Eugster drafted the proposal that goes before voters Sept. 17. Under the plan, the mayor would earn at least $80,000 and not a penny less than the highest-paid city employee. The mayor also could appoint department heads, as well as someone to oversee day-to-day business.
A seven-member council would include five members elected by district and two elected at-large. The mayor could veto council decisions, but the council could override those with five votes.
Before the debate began, Greene said she was arguing the issue as a private individual - not a council member. Besides, she said, “I’m not against the strong mayor. I’m just presenting arguments in favor of what we have.”
What Spokane has is a city-manager government that is “economical, efficient … and excellent in administering the services you all require,” Greene said.
She offered several reasons for favoring the current system, including:
A city manager can be fired by the council any day of the year.

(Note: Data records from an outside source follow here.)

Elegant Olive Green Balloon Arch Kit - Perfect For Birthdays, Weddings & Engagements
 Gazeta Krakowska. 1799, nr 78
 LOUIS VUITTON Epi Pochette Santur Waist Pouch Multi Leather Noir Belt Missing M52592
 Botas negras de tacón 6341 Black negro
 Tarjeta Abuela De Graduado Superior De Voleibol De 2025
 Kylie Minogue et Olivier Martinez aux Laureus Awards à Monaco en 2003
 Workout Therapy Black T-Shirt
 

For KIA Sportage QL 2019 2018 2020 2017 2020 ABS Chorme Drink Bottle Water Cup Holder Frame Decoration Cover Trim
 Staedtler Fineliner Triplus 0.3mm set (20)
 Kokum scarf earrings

To rid the city of the strong mayor would take recall or re-election.
The strong-mayor system concentrates too much power into a single person’s hands.
The system could easily fall victim to patronage. “I have a brother with a master’s from MIT in science,” Greene said. “I could call him and say, ‘Come on over.”’
Eugster countered that Civil Service protects against patronage, not the city manager system that he considers “ineffective.”
“Aren’t you getting a little tired of hiring consultants for every decision the city makes?” he said.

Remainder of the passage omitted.